Web page caption snippets
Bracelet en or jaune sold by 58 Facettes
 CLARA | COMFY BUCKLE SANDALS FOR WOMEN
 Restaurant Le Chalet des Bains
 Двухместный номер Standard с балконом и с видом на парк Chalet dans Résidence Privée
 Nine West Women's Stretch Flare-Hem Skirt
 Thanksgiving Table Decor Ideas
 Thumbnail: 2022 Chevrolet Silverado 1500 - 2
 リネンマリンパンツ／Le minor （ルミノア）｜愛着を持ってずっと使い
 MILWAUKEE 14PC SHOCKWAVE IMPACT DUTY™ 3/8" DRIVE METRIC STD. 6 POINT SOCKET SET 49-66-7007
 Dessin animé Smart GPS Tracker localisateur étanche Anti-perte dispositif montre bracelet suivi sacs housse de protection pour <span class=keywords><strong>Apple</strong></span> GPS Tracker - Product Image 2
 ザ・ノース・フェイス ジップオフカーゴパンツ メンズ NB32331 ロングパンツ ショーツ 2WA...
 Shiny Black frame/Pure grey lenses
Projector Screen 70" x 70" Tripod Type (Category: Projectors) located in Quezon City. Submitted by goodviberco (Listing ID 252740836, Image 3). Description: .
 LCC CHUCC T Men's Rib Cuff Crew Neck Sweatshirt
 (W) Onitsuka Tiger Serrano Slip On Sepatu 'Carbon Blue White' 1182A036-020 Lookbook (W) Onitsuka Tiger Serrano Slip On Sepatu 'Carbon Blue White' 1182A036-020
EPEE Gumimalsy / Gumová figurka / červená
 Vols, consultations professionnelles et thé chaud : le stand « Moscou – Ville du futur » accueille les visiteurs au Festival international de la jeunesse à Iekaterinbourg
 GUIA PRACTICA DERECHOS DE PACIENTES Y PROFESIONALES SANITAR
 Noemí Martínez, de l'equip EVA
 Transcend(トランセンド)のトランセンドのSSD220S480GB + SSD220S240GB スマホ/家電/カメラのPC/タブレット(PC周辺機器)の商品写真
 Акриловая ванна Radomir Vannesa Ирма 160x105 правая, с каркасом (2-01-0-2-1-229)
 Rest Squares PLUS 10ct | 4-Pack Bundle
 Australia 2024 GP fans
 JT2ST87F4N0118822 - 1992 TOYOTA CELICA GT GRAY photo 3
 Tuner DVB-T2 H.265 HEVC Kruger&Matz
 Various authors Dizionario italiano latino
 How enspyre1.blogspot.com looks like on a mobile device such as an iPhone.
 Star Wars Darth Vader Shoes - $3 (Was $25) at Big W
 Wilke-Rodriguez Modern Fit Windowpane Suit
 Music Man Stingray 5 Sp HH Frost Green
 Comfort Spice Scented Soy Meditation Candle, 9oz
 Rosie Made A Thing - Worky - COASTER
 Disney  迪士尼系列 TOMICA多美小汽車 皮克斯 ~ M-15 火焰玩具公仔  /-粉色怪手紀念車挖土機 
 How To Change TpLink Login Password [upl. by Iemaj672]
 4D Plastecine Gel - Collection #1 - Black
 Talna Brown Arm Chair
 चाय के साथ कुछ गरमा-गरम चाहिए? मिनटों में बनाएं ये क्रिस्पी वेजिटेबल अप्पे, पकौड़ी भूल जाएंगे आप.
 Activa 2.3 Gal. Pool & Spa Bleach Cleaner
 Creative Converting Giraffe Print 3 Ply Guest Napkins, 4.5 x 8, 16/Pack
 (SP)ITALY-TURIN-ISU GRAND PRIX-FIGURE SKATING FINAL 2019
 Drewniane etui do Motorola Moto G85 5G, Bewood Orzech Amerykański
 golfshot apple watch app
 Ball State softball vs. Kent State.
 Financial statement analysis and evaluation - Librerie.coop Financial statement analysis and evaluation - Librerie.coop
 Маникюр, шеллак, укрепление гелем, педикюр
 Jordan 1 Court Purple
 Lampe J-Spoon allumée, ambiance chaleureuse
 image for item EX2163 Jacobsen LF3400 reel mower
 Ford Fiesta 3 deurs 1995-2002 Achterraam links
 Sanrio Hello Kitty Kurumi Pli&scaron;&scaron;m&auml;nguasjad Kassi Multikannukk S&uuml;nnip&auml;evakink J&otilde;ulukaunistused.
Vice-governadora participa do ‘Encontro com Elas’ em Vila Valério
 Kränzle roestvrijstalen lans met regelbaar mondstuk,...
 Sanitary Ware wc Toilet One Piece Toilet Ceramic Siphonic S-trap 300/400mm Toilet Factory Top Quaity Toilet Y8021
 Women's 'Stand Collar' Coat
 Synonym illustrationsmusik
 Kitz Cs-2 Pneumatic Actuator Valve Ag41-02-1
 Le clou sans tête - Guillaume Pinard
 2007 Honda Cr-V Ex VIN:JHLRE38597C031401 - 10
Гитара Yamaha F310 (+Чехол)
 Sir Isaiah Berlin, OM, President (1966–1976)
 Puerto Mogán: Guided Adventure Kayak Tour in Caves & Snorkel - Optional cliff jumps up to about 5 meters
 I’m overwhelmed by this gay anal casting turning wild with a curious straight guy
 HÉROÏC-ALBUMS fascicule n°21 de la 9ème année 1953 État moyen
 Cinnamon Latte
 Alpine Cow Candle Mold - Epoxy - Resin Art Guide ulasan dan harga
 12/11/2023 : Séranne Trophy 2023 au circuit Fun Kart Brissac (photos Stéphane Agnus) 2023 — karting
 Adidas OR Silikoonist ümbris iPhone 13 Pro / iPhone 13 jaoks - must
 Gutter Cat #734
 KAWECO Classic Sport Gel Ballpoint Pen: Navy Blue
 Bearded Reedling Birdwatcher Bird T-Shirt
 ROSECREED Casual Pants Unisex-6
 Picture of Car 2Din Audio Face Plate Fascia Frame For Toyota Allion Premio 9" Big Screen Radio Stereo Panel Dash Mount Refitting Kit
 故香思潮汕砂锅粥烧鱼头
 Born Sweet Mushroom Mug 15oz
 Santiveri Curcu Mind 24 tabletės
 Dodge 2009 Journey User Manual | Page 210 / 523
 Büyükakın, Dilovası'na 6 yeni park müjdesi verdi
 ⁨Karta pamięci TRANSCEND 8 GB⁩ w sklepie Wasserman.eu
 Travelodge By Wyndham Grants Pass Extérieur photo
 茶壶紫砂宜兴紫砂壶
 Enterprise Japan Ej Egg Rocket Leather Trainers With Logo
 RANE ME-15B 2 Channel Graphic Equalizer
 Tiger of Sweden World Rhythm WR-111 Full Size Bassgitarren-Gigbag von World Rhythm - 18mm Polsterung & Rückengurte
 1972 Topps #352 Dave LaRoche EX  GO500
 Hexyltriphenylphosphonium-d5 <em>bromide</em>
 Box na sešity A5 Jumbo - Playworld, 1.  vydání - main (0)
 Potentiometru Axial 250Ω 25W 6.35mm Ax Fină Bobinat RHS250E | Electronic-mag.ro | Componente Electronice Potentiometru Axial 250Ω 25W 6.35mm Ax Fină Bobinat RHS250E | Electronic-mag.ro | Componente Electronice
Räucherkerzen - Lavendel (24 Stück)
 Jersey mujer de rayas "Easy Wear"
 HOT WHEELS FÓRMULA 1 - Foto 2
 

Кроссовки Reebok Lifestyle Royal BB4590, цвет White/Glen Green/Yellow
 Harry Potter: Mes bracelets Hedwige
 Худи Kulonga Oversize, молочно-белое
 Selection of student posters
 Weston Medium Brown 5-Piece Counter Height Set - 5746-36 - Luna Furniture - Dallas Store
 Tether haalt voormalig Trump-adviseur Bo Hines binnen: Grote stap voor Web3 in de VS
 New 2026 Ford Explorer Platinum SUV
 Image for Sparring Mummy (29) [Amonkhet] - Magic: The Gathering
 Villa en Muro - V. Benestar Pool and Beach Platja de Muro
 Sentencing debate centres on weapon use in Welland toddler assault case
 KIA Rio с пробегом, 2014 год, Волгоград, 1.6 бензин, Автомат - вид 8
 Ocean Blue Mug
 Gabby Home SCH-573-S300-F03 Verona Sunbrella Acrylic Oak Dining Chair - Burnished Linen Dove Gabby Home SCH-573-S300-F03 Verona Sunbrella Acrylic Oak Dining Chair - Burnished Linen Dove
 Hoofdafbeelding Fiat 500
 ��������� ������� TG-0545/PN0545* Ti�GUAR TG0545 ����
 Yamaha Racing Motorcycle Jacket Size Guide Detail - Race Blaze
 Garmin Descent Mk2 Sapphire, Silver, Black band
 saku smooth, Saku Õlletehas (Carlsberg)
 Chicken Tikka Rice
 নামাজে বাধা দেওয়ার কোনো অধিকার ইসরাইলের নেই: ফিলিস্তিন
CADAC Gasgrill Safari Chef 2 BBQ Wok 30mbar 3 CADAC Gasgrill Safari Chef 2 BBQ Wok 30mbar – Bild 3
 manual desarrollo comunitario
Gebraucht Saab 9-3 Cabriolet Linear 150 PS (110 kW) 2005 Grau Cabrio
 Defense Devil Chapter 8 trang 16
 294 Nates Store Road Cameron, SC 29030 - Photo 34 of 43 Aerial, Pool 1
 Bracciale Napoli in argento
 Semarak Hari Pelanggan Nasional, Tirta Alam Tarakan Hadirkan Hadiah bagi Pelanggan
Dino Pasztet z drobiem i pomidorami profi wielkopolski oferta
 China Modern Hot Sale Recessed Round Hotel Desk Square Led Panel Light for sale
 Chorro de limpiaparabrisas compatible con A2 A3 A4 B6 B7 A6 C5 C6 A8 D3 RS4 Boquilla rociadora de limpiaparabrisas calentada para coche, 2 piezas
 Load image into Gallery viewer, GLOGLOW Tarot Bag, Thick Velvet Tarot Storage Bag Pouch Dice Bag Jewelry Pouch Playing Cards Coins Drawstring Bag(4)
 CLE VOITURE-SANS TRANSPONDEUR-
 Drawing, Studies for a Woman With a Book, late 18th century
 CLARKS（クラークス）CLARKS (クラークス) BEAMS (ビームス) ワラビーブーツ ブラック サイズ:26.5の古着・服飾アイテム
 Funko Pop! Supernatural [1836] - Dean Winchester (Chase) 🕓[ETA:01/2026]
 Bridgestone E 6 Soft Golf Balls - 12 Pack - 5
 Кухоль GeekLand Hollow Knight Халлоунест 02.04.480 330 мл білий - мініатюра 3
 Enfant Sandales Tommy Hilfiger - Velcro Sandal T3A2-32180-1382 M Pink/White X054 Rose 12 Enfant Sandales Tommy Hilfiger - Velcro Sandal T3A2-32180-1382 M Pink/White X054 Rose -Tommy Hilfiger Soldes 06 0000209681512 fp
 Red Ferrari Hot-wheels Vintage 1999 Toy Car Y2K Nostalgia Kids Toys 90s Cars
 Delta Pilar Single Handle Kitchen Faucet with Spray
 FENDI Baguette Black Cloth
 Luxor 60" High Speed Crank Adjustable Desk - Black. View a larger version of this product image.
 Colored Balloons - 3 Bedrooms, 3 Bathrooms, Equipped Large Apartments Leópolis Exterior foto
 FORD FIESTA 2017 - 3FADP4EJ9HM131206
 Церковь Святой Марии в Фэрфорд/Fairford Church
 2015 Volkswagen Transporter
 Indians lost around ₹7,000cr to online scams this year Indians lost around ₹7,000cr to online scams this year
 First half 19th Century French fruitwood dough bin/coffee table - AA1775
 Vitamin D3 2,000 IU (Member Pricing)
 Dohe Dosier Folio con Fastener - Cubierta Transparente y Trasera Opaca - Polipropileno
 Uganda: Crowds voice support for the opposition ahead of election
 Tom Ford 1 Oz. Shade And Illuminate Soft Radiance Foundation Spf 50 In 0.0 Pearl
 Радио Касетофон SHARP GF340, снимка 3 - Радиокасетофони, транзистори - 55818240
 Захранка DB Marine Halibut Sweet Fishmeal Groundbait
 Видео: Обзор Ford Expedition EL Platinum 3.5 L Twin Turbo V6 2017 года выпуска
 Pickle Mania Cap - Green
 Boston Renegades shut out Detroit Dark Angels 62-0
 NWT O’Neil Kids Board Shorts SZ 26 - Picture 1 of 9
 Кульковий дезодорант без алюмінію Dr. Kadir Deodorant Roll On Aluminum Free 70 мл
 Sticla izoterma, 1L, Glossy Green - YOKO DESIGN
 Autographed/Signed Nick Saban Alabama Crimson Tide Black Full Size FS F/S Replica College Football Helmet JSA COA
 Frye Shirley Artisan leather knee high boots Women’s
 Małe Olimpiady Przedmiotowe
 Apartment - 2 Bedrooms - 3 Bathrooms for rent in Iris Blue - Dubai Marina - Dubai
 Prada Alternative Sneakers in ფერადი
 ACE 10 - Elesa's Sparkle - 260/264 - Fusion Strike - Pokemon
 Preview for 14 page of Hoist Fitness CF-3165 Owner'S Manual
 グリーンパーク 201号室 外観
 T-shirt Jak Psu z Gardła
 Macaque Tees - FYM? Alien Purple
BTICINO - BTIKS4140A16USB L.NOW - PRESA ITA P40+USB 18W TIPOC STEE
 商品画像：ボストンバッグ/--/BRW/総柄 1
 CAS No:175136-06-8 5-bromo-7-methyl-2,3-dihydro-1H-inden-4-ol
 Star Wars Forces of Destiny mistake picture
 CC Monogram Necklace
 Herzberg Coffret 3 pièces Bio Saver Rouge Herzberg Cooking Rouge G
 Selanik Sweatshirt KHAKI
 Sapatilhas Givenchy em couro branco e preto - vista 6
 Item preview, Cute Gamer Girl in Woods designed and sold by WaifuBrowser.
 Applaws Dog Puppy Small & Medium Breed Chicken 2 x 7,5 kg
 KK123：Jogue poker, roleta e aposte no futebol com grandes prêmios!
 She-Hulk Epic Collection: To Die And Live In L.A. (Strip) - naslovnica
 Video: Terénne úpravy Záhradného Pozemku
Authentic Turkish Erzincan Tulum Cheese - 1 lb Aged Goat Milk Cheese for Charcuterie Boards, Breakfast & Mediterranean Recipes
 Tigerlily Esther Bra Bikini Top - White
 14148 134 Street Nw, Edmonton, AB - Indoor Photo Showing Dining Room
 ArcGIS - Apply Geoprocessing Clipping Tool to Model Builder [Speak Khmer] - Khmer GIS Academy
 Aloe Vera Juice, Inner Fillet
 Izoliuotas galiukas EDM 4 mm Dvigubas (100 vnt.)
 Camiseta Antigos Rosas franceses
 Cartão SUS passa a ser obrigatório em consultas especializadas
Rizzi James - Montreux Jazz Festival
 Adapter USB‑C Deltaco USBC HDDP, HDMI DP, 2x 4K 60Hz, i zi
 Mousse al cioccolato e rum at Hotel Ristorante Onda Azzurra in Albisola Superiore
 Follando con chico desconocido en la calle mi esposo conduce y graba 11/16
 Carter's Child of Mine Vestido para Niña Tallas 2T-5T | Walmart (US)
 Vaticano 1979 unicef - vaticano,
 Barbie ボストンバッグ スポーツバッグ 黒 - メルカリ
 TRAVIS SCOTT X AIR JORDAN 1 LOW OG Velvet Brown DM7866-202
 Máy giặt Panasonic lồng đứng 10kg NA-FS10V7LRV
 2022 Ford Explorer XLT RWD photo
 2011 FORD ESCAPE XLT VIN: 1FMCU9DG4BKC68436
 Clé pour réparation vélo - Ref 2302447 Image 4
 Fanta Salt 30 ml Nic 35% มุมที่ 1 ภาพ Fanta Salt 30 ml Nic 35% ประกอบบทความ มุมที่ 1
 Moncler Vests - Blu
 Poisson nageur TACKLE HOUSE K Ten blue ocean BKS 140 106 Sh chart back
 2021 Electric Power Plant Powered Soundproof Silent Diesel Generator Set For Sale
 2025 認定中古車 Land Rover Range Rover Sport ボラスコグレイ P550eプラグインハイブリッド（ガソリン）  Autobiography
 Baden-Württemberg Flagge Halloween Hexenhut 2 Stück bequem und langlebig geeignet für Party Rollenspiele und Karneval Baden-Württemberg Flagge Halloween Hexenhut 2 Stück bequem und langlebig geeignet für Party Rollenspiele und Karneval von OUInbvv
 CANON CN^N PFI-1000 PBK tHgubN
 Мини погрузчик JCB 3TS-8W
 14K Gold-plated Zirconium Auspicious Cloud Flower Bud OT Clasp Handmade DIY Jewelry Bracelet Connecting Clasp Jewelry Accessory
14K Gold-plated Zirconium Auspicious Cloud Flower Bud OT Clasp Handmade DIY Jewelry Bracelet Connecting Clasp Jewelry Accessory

» Instructions to follow: Scan the records above for the word "Kids" and return every line where it occurs.

» Solution:
 Red Ferrari Hot-wheels Vintage 1999 Toy Car Y2K Nostalgia Kids Toys 90s Cars
 NWT O’Neil Kids Board Shorts SZ 26 - Picture 1 of 9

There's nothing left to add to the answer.